WHAT IS REQUIRED ::
Each entry has to be given again in its exact wording, and no picture may appear in the result.

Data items
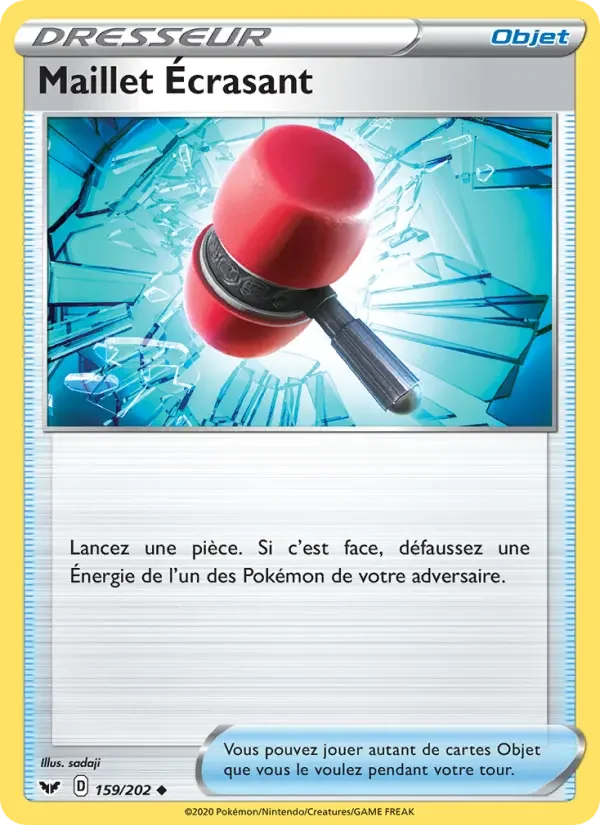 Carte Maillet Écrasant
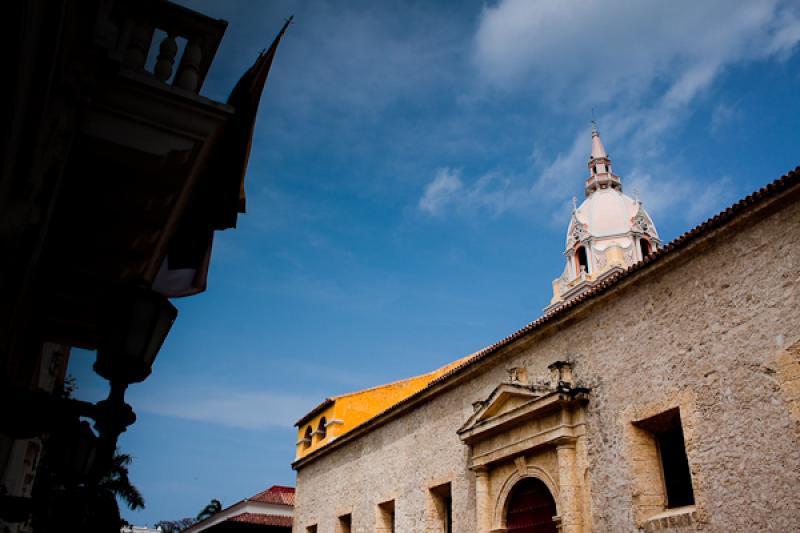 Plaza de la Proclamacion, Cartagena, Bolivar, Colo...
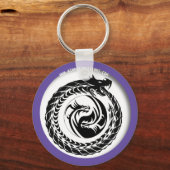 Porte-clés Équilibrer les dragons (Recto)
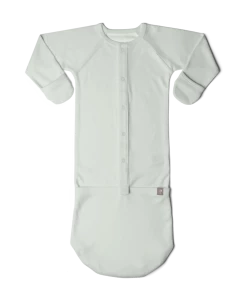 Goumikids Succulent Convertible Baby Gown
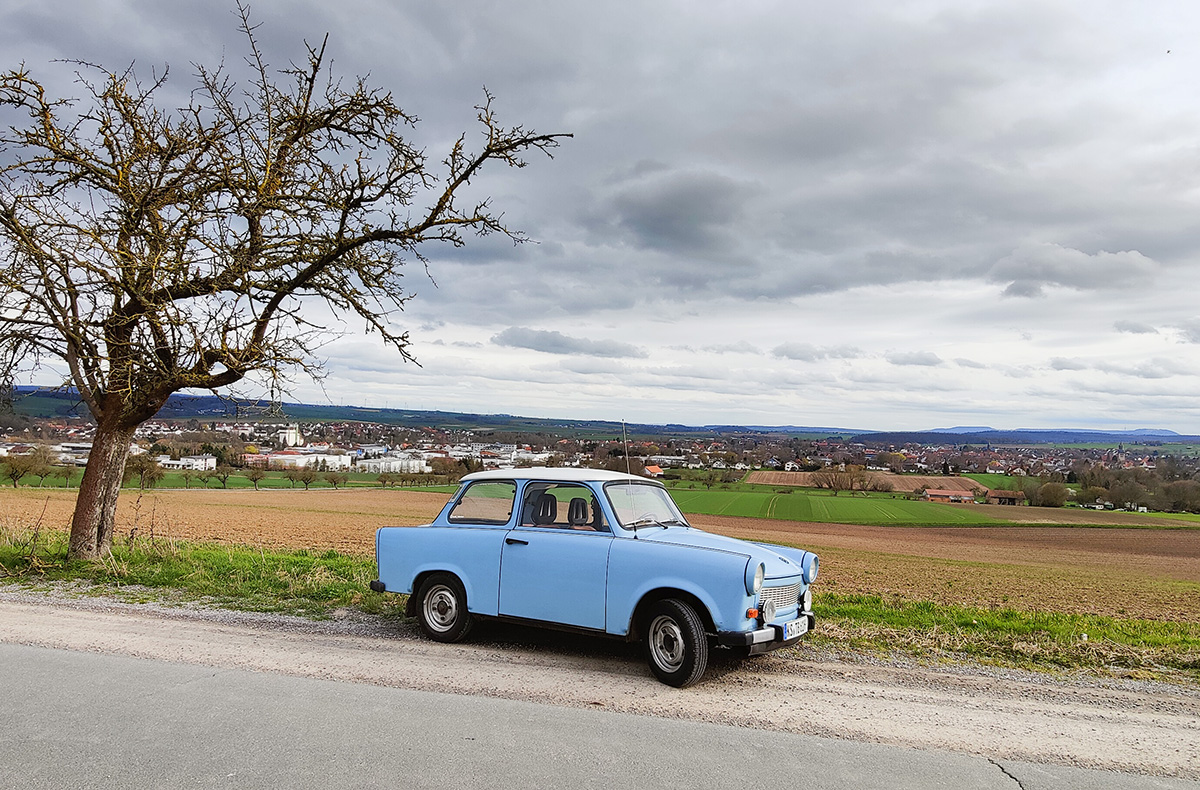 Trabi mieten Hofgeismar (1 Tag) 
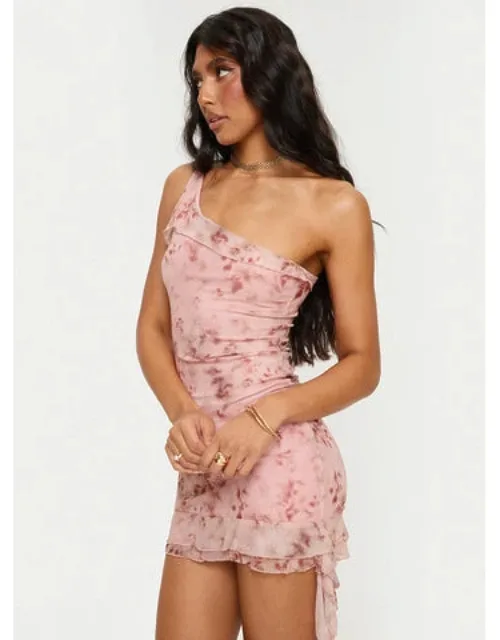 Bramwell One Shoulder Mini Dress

TASK OUTPUT ::
 Carte Maillet Écrasant
 Plaza de la Proclamacion, Cartagena, Bolivar, Colo...
 Porte-clés Équilibrer les dragons (Recto)
 Goumikids Succulent Convertible Baby Gown
 Trabi mieten Hofgeismar (1 Tag) 
 Bramwell One Shoulder Mini Dress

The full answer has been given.